Lindsay T just did a post I've been meaning to do for a while, about making square photos for your PR reviews. When PR's gallery view switched to square photos, it took me a little while to adapt. Now I always make a square thumbnail photo for the gallery. I really appreciate it when others do the same, as it makes a review a lot more appealing if you can see the entire garment in the thumbnail view.
If you have a lovely, unlimited background it's easy to just crop your photo into a square. Unfortunately, my background is fabric draped on the rack of my canopy bed/auxiliary closet (I am in the process of shoveling out my room and took the clothes off the bed to hang in the closet and now I'm afraid I'm going to come home to find my closet rods have crumpled under the weight) and isn't as wide as I am tall, so I have to get a little more creative.
This does require a little computer savvy with your photo editing program, but really not that much and it doesn't require a hard-core program. I use a program called Picture It! that I got for free on a CD onto which I had Wal Mart develop film photos about six years ago. A google search says the program is still around, and possibly available for free download (I don't know how to figure out what sites should be trusted for downloads). It's not a fancy program at all--and my version is ancient in computer years--but it has all the basic functionality I need.
So the easiest way to get a square is just to crop your photo into one. When you're cropping, your program will tell you how wide and tall your cropped area is. Just make sure they're the same. It's a bonus if your background is an exotic foreign location, like Vietnam.

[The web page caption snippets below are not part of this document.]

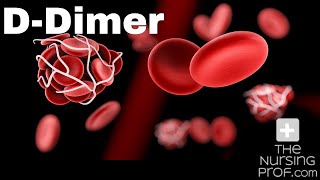 What the D Dimer test tells you [upl. by Dom]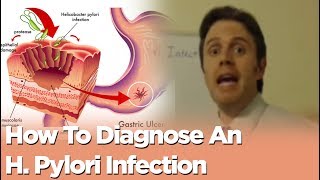 How To Diagnose An H Pylori Infection [upl. by Anaet112]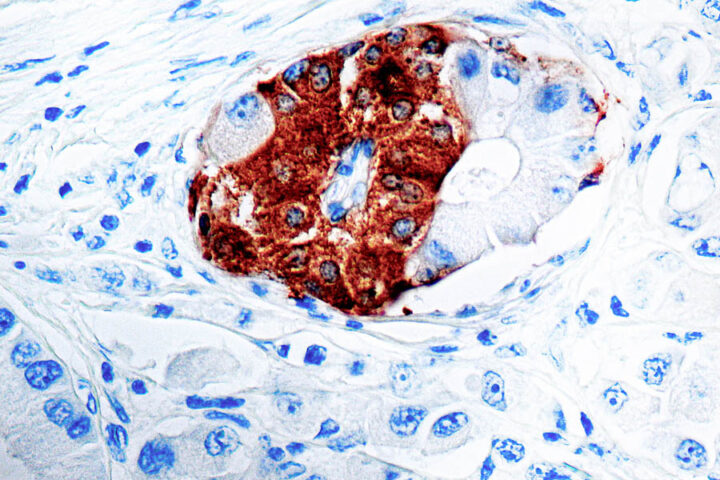 Immunohistochemical staining of Synaptophysin  of human FFPE tissue followed by incubation with HRP labeled secondary and development with DAB substrate.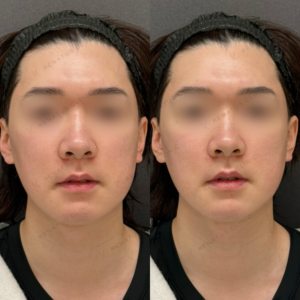 顎ヒアルロン酸ボラックス症例写真の症例写真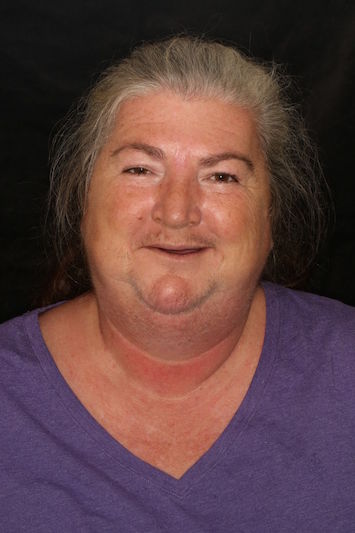 Before Image of a woman smiling, showing no teeth.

If you have a great background but not quite enough of it, you can get a little fancier like I did here:
Do you notice anything about this picture? Like the double tree trunk on the left and the fence break on the right? I cropped the photo as wide as I could and then pulled that piece into a new project. Then I went back and cropped it again to get some more tree, and again for some more fence, and pasted those pieces in. I'm sure now that I've told you it's perfectly clear, but I don't think most people would even notice this without being told.
For tops, I can crop it square (I've learned to leave my face in the picture, it makes it friendlier). I like to fill in some of the space with info about the project, but it's not necessary.
But for dresses, I generally go with some kind of "scrapbook" style layout. I can't give you a tutorial because everyone's program is different, but I suspect most of them work the same.
Start by creating a new project. In my program, it's just like in MS Word or Word Perfect. Go under file and then click "new." Then resize your new project into a square (my program automatically makes it 6x4, a standard photo size). I generally use 8x8 as my size, so that the resulting image isn't giant but has plenty of resolution.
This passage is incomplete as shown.